# Glaze Coat problems



## daves1 (Oct 29, 2010)

I recently tried using glaze coat on a cedar live edge coffee table and had an issue with white areas popping up in the finish. Additionally wherever there was a slight crack in the wood, the glaze coat sank resulting in indentations in the finish. Does anyone know of a clear filler for the cracks? Approximately 75 % came out decent. I used a heat gun to try and pop the bubbles which seemed to work pretty good. I don't know if I spread it too thin and that caused the white spots or not. Anyone have any experience using Glaze Coat?


----------



## OSU55 (Dec 14, 2012)

What product and process did you use for "glazing". My definition may be different. I wipe most of the glaze off, leaving it in corners, cracks, etc. I probably call what you are doing something else.


----------



## Carloz (Oct 12, 2016)

Glazing in woodworking normally describes a technique of filling in crevices with a darker finish resulting in old/dirty look. 

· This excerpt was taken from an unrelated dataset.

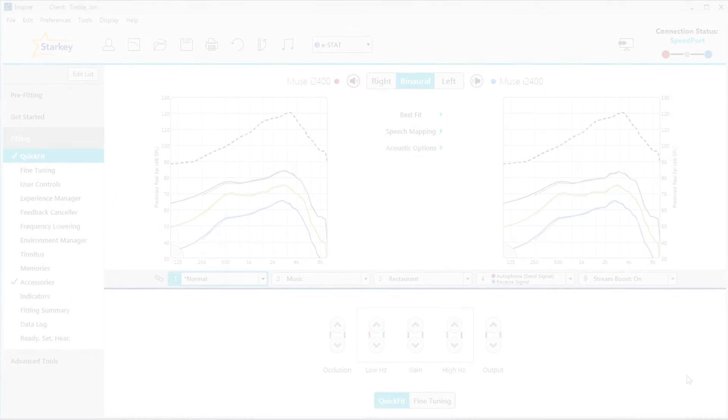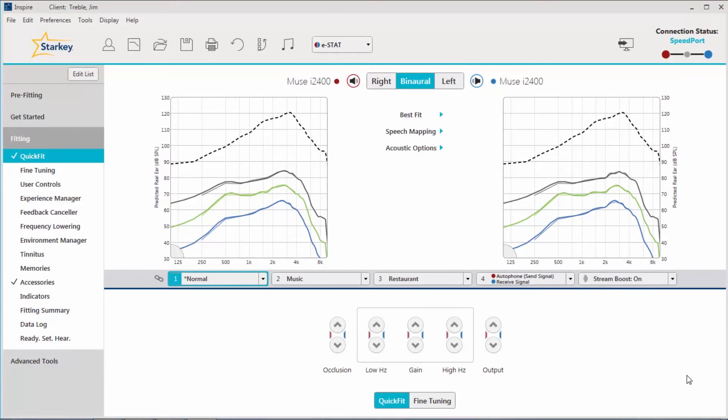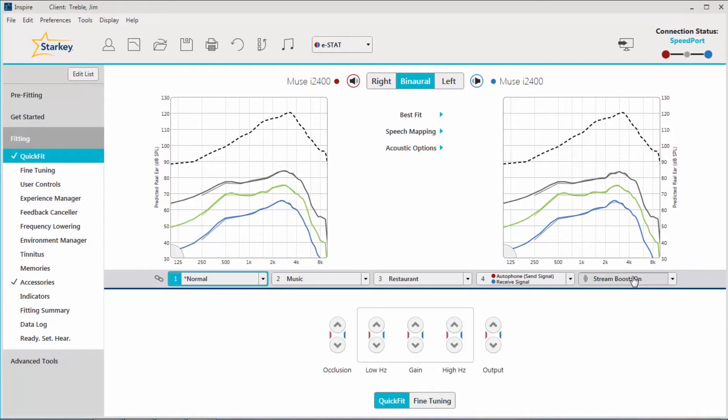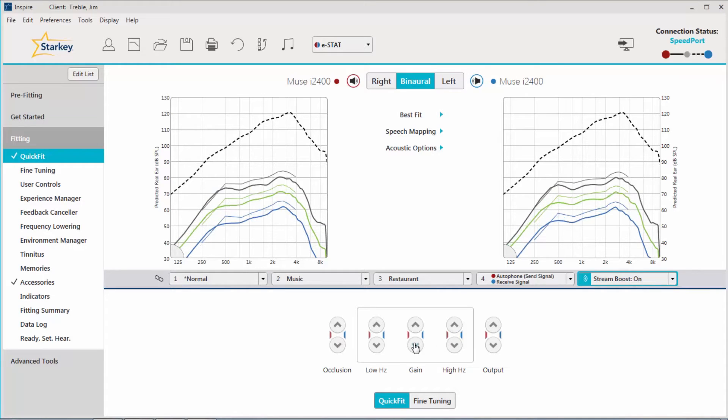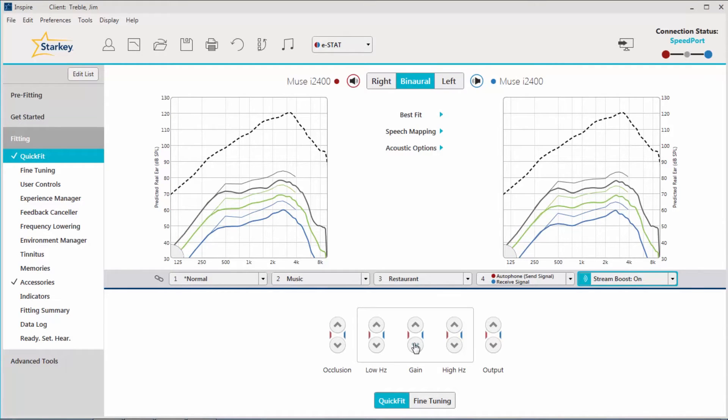Sound quality and volume preferences will vary from patient to patient. If the volume of a stream signal is too loud, there are a number of possible adjustments that can be made. One solution is to reduce the default volume of the StreamBoost memory. This is done within the Inspire 10 software. With the hearing aids connected to Inspire 10, click on StreamBoost and decrease the overall gain. This will result in a lower volume once streaming begins and the StreamBoost memory engages.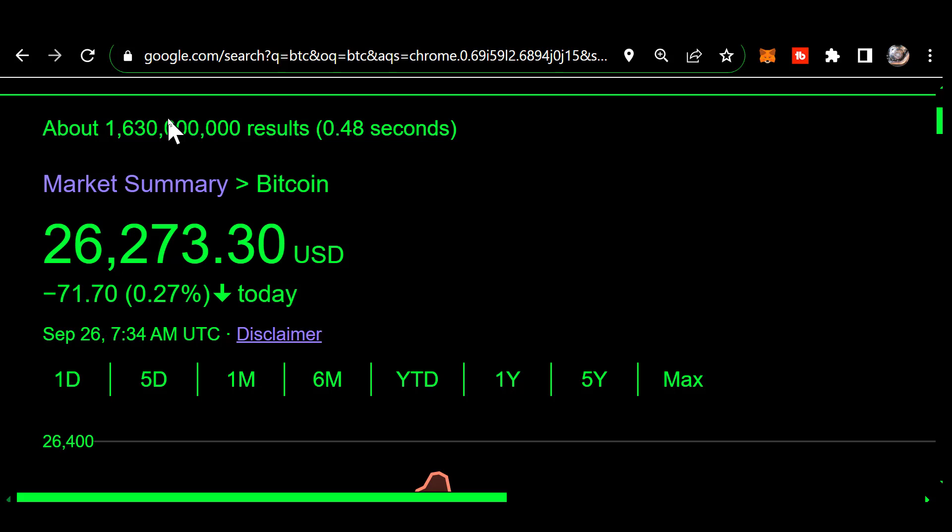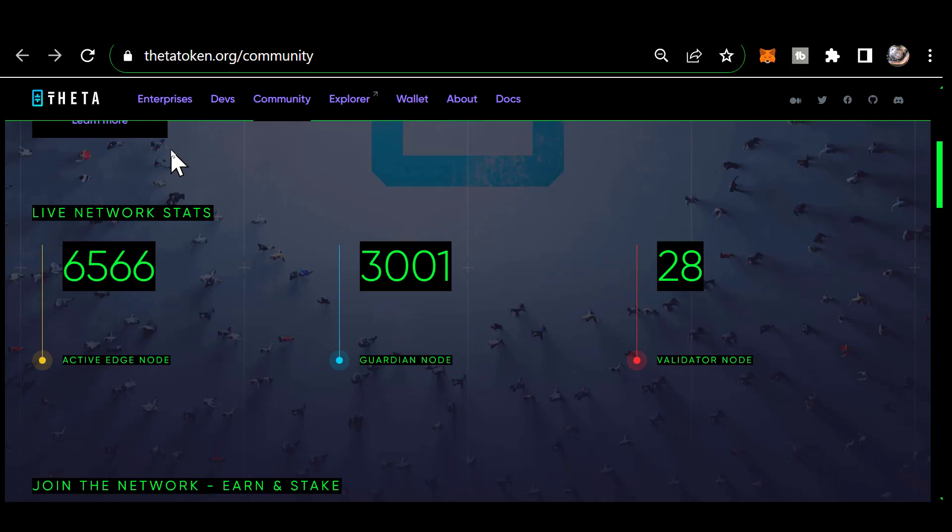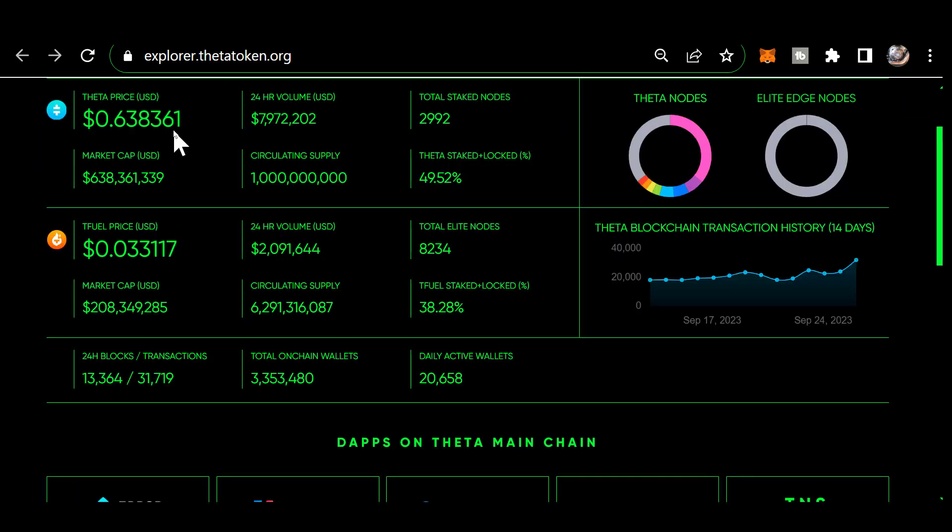The number of guardian nodes is 3,001. The number of enterprise validators is 28. The number of elite edge nodes is 8,234. Those are edge nodes that have been upgraded to elite status by staking T Fuel to them.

What you described is probably epoxy finish that has nothing to do with gazing.


----------



## pintodeluxe (Sep 12, 2010)

We probably need some pictures to help identify the problem.


----------



## ClammyBallz (Apr 16, 2015)

He's talking about epoxy.

http://glazecoat.com/famowood-glaze-coat-clear-epoxy/

Your wood probably wasn't dry enough, moisture in the cracks caused the white haze.


----------



## daves1 (Oct 29, 2010)

I used Famowood glaze coat epoxy. I have completely sanded it off and will try again. The wood should be completely dry as it has been sitting in my shop for a year.

Thanks, everyone for the comments.


----------



## Carloz (Oct 12, 2016)

Ok so it is epoxy. Clear filler is guess what? Epoxy. You can use the same you have for the cracks, just add more hardener. 
Did you heat it up with a torch? That is supposed to remove all air bubbles ( your white spots are micro air bubbles)


----------



## daves1 (Oct 29, 2010)

Carloz, thanks for your input, yes I used a torch. This time I used a little more epoxy and it came out pretty good. I think on my original try, I used too much heat and that dried out certain areas which resulted in an almost scorched look (white areas).

I plan to do a second coat to fill in low spots once it cures fully.


----------